Eu compro aquela ação, fico comprado (buy and hold) e vendo somente quando eu achar que o preço chegou perto do seu preço justo, eu não fico comprando/vendendo conforme os movimentos da Bolsa, que são imprevisíveis.
Se existe uma boa margem de segurança, vamos dizer de pelo menos 50 por cento, não faz diferença o preço da compra hoje, óbvio que é melhor pagar menos, mas pagar 100 reais ou 101 reais (1 por cento mais caro) não faz muita diferença para o rendimento no longo prazo.
Disciplina na hora de investir
Uma vez definido o percentual da carteira de investimento dedicado às ações, conforme o perfil de risco (conservador 10 por cento, moderado 20 por cento, 35 por cento agressivo), é preciso escolher qual tipo de estratégia a seguir.
Existem basicamente duas estratégias: i) passiva, que acompanha determinados índices (Ibovespa, Small Caps, S&P500); ii) ativa, que tem objetivo de obter rendimento acima do benchmark, seja através de carteira de ações ou por fundos de investimento em ações.
Uma vez definida a estratégia de investimentos em ações, deve-se fazer aportes todos os meses, com disciplina, comprando ações à preços de mercado, não ficar tentando acertar o “fundo do poço”.
Prova que o timing de mercado não funciona
Analisando dados desde 1930, o Bank of America descobriu que, se um investidor perdesse os dez melhores dias de alta do S&P 500 em cada década, o retorno total seria de apenas 91%, muito abaixo do retorno de 14.962% para aqueles investidores que se mantiveram firmes durante todo o período, aguentando todas as altas e baixas da bolsa.
É quase impossível programar seu investimento para que você saia na hora certa e volte no momento exato para lucrar com grandes movimentos de alta.
Conclusão
Para obter ganhos consistentes no investimento em ações é preciso seguir uma estratégia definida, ter disciplina (comprar todos os meses) e ter visão de longo prazo.

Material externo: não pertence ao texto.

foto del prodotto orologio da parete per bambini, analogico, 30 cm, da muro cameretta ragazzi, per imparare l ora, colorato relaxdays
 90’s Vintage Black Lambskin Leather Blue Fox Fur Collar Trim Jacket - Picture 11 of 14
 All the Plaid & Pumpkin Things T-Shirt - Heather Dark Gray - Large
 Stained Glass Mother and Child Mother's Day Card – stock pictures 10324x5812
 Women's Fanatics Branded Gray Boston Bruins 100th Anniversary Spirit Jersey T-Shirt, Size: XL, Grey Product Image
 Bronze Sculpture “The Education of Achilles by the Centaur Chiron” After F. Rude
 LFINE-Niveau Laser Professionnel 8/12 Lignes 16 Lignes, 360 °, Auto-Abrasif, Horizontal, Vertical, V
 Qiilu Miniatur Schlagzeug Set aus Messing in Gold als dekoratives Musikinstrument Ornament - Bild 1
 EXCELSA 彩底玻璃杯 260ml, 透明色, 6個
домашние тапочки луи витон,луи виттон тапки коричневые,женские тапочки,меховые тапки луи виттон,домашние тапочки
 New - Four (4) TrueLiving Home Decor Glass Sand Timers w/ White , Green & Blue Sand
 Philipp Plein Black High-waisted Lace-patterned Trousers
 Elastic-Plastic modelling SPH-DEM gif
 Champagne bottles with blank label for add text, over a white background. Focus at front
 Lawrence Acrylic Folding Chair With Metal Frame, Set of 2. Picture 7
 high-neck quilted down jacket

Acredito que um bom retorno esperado ao se investir em ações é de 15 por cento ao ano. Um crescimento anual composto médio (CAGR) de 15 por cento ao ano no período irá multiplicar o seu patrimônio por três vezes ao longo de 10 anos.
Nem todos os anos será possível obter esse rendimento de 15 por cento ao ano, mas o importante é o retorno acumulado no longo prazo (dez anos).
Os juros compostos são a oitava maravilha do mundo, o que Warren Buffett chama de “compounding interest”, ou seja, ir construindo o seu patrimônio utilizando o tempo e os juros compostos a seu favor.